## Perceptrons

A perceptron takes in multiple binary inputs $x_1, x_2, ..., x_n$ and returns a binary output.  
  
This means that a perceptron has is a map $f: \mathbb{Z}^n_2 \rightarrow \mathbb{Z}_2$ . 
  
In order to convert these binary inputs into a binary ouput we use weights. $w_1, w_2, ..., w_n$ where $w_j \in \mathbb{R}$. These weights are used to scale the inputs then summed to determine what the output should be based on if they are above or below a defined threshold.  
  
output = $\begin{cases} \text{0    if } \Sigma_j w_j x_j \leq \text{threshold} \\ \text{1    if } \Sigma_j w_j x_j > \text{threshold} \end{cases}$ . 
  
So the aim is to use the degrees of freedom given by the weights and the thresholds to come up with a model to make our decisions.  
  
### Network of perceptrons 
  
To make the percepton model more plausible in it's decision making we mimic the approach that the brain uses. So we come up with layers of connected perceptons, which allows for ever more subtle and complex decisions to be made in later layers. When we consider the first layer all it can do is a dot product so can't model very complex deccisions. Yet by taking the output of this first layer and passing them into the input as a second layer allows the second layer to produce more complex decisions.  
  
### Mathmatical tidy up  
  
Previously spoke about the arbitary threshold, the more colloquial way to describe this is a bias where $b \equiv -\text{threshold}$ . 
  
This means we can rewrite the previous equation as:  
  
output = $\begin{cases} \text{0    if } w \cdot x + b \leq 0\\ \text{1    if } w \cdot x + b > 0 \end{cases}$ . 
  
### As logical operators  
  
Whilst perceptrons can be used to weigh up evidence as described above, they can also be used to implement basic logical functions. Consider a single perceptron with two inputs where $w_0 = w_1 = -2$ and $b = 3$. In this instance if the input is $00, 10 \text{ or } 01$ then the perceptron will output $1$ and if the input is $11$ the output is $0$. This means the above perceptron is a NAND gate. This is useful as the NAND gate is 'Functionally complete', means any truth table can be made out of combinations of NAND gates.  
  
This shows the benefit of the nework of perceptrons as at the simplest level we can build any logical circuit if needed. However, the benefit over logical operators comes from the ability to tune the weights and biases and therefore model even more complex decisions.

## Sigmoid neurons  
  
To implement a learning algorithm we want is an algoritm that automatically adjusts the weights and biases of the network of neurons. 
Ideally what we desire, to implement this learning algorithm, is for a small change in the weights and biases to cause a corresponding small change in the networks output, to allow for gradual improvements.  

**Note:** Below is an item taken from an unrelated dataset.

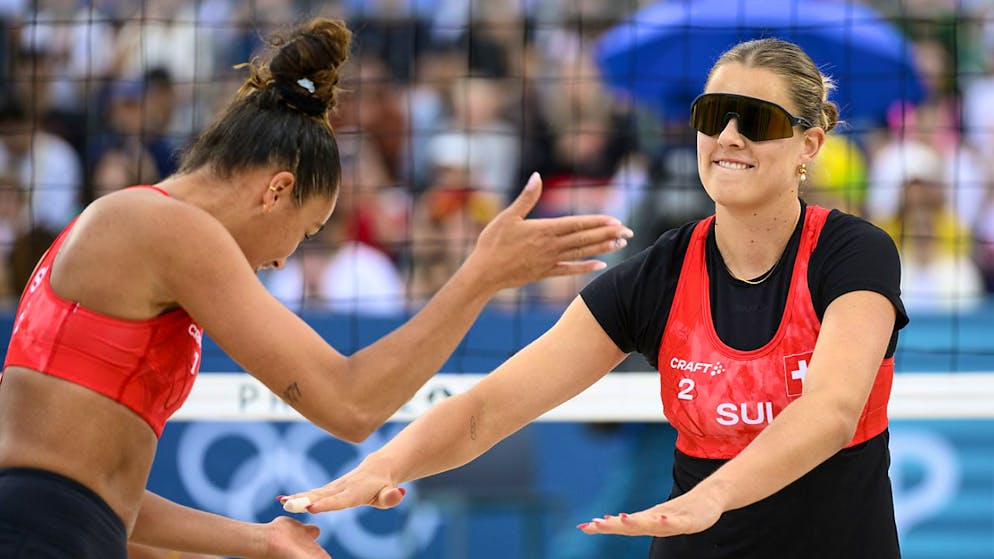 Esmée Böbner liest vor einem Spiel ein paar Seiten in einem japanischen Buch.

If the network exhibits this property we could make these gradual improvements is by comparing the output we got to the desired output and then make a small change to the weights and biases to nudge it closer to the desired output.  

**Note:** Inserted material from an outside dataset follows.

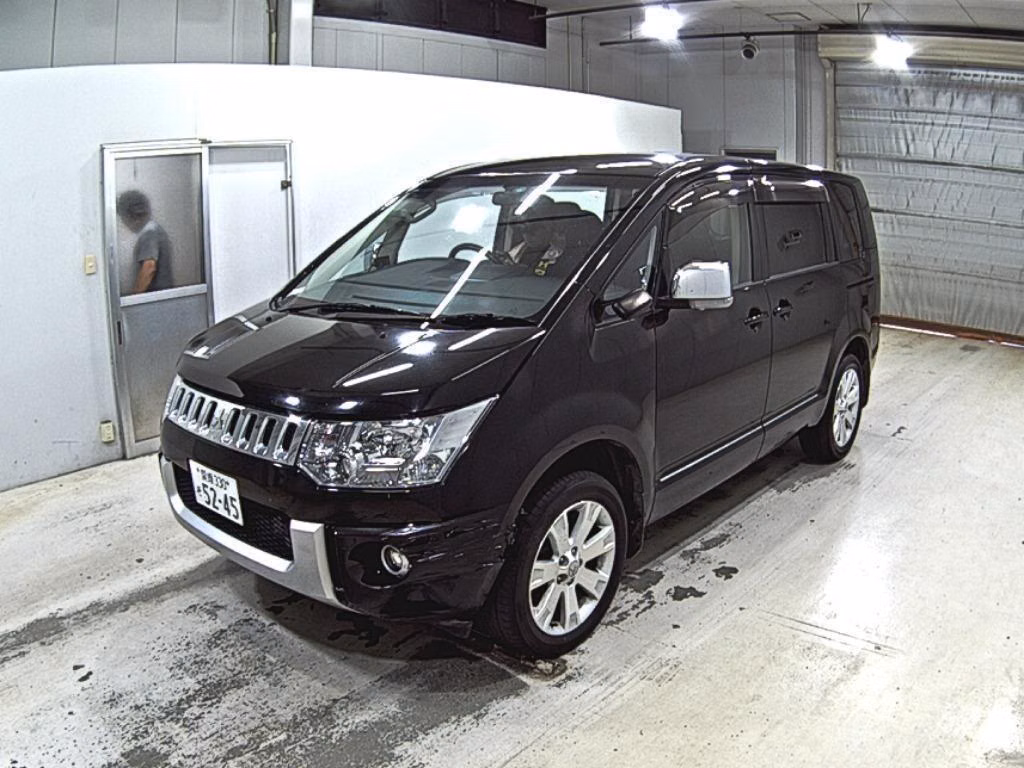 MITSUBISHI DELICA D:5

Perceptron netowrks however do not exhibit this behaviour. A small change can cause a complete flip in the output of the perceptron. This makes the network hard to control - "train".  
   
The first change that we make to allow for a small change to cause a small change in the output is to change the *activation function* for the neuron. Now we define the neuron's activation function as a mapping:  
  
$f: [0,1]^n \rightarrow [0,1]$  
  
For a sigmoid function the specific activation function is:  
  
$\sigma(w \cdot x + b)$  
  
where:  
  
$\sigma(z) \equiv \frac{1}{1 + e^{-z}}$  
  
can see that in the limits when $z << 0$ we get $\sigma(z) \approx 0$ and when $z >>0$ we get $\sigma(z) \approx 1$. This show that in the extreme cases the sigmoid neuron behaves similar to the perceptron. However, between these limits we gain more control of the neuron.

## Neural network architecture  
  
*Terminology for neuron network, input layer and output layer are self explanatory and the hidden layers are every other layer.*  

Often the design of the input layer is a given as it matches the space of the input data (likewise for the output).